このように、Quay Operatorは比較的「前の3マイナーバージン」程度までのアップグレードを許容する設計になっています。

Red Hat Quay Operator では、ClusterLogging と同様に偶数バージョンのみがメンテナンスサポート対象となっています。
そのため、アップグレード計画を立てる際は、対象となる OpenShift(OCP)バージョンと対応する Quay のメジャーバージョンを慎重に選定することが重要です。
特に非接続環境でのアップグレードでは、ミラーリングする Operator のバージョンを事前に見極めておくことで、サポート期間のずれによるトラブルを防止できます。
OCP と Quay Operator のバージョン整合性を保つことで、安定した運用と確実なサポート継続が可能になります。

※出典:Red Hat Customer Portal「製品ライフサイクル情報 – Red Hat Quay」より引用(閲覧日:2025年11月時点)

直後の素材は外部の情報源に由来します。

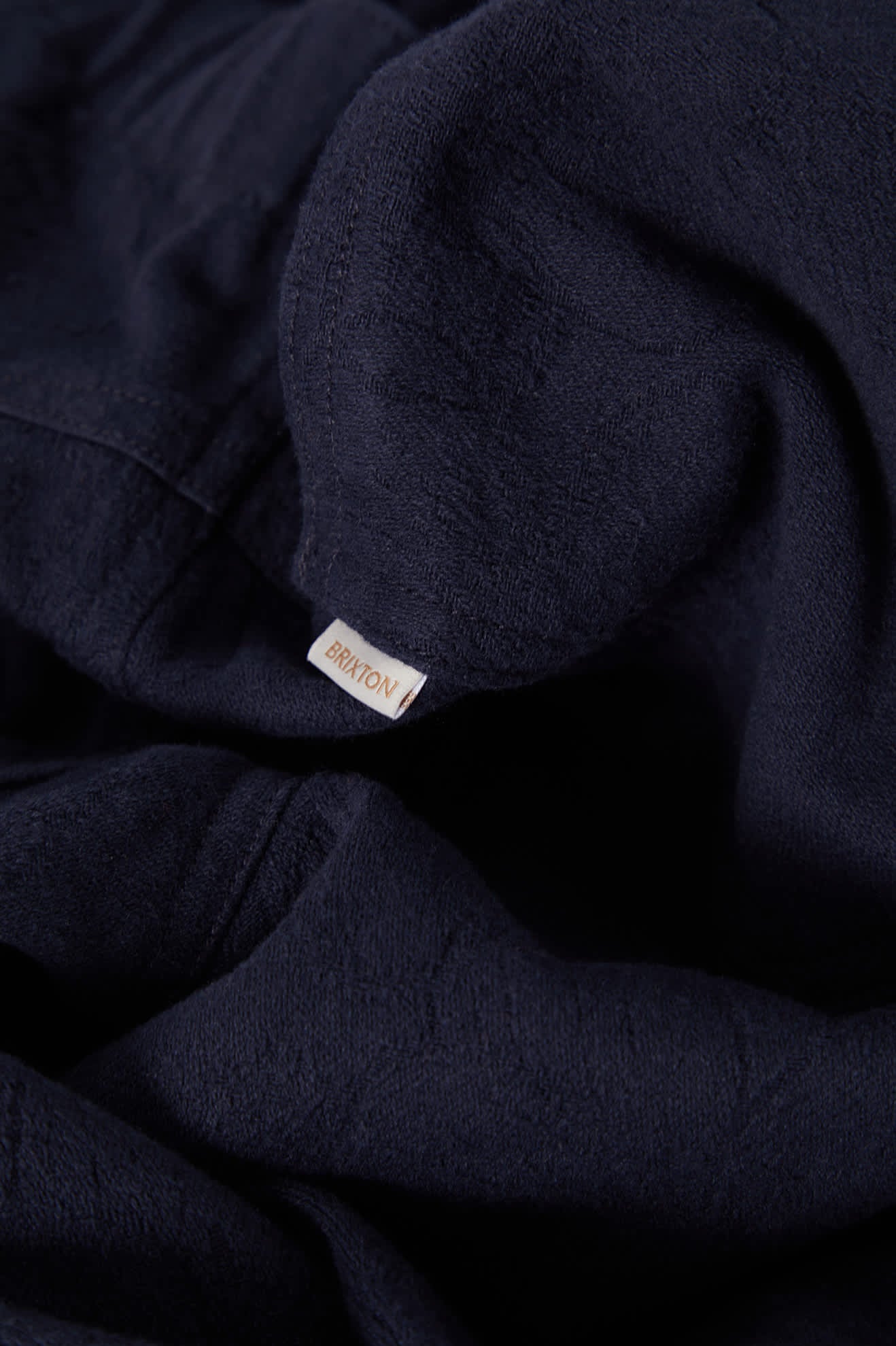 Women's Utility Everyday Barrel Pant in the color Washed Navy - Additional Laydown image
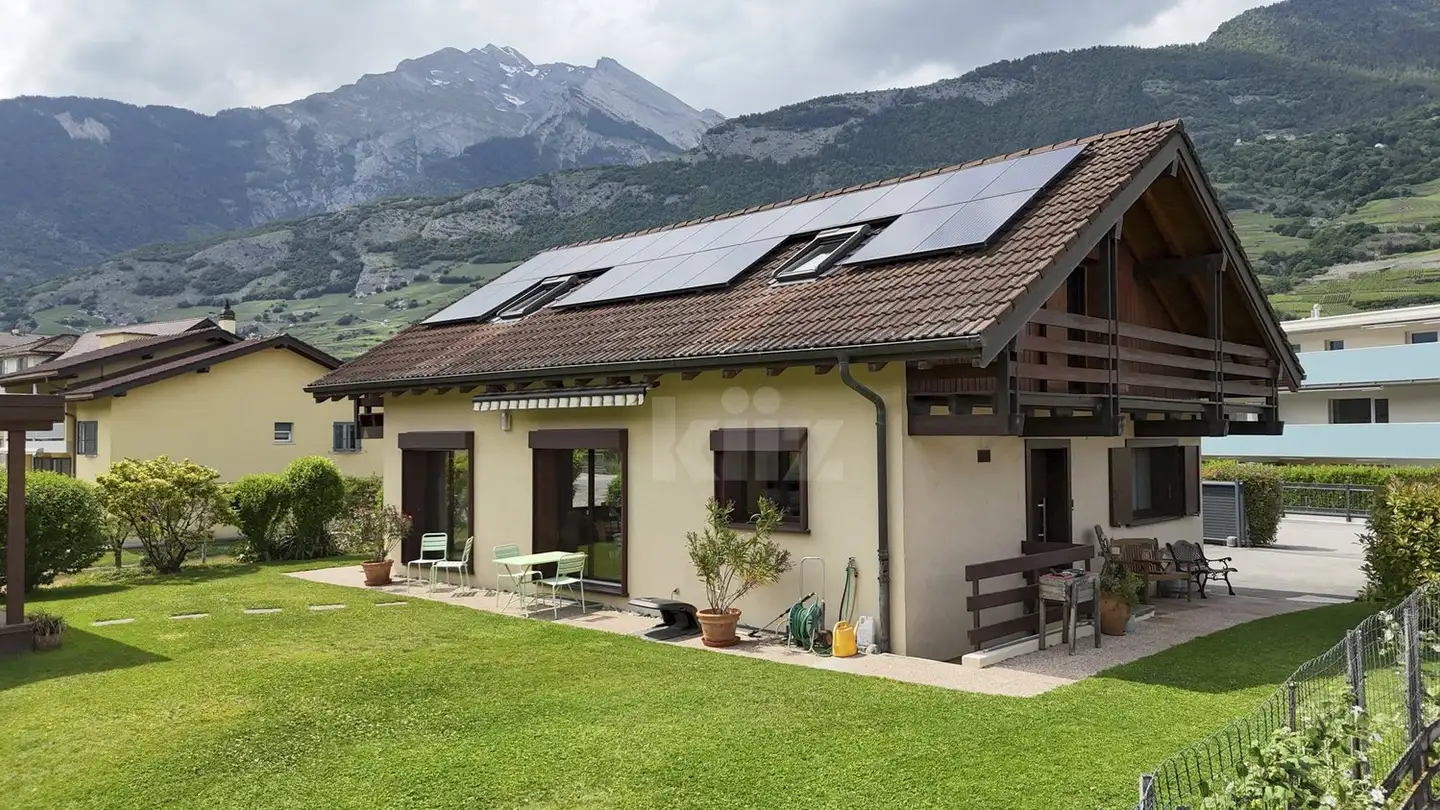 Villa in vendita - Avenue De Derborence 37, 1963 Vétroz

非接続環境での Operator バージョンのミラーリング

非接続環境では、必要な Operator のバージョンをミラーリングする必要があります。

この際、ライフサイクルマネージャーのページで確認したサポートされているバージョンをもとに、必要なバージョンを選定し、ミラーリングを行ってください。


参考リンク

これらのリソースを活用して、Operator のバージョンアップパスやサポート情報を確認し、適切なアップグレード計画を立ててください。

非接続環境でのアップグレードは手間がかかりますが、確実な準備と理解が成功の鍵です。
ミラーリング対象の検討、バージョン選定や事前検証を丁寧に進めて、無事にアップグレードを完了させましょう!